### [ASSIGNED TASK]
From the entries that follow, copy exactly the lines beginning at the line holding "2018 Subaru Outback 2.5i Limited" and continuing through the line holding "2010 Porsche Panamera 4S".

### [EXERCISE MATERIALS]
=== Section Start ===

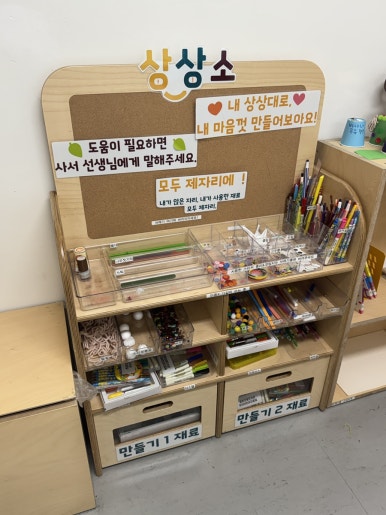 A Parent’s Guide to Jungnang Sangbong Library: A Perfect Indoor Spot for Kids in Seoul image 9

=== Section End ===
=== Section Start ===

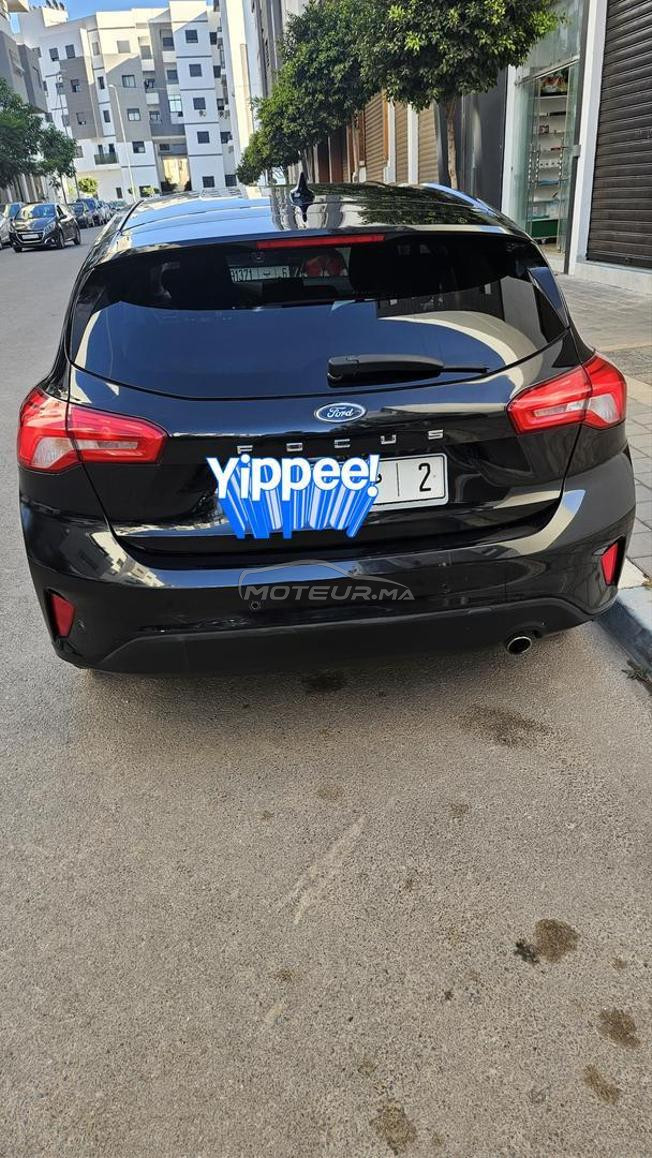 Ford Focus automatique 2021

=== Section End ===
=== Section Start ===

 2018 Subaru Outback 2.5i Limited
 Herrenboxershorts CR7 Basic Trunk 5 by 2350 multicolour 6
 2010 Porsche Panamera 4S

=== Section End ===

### [WRITTEN ANSWER]
 2018 Subaru Outback 2.5i Limited
 Herrenboxershorts CR7 Basic Trunk 5 by 2350 multicolour 6
 2010 Porsche Panamera 4S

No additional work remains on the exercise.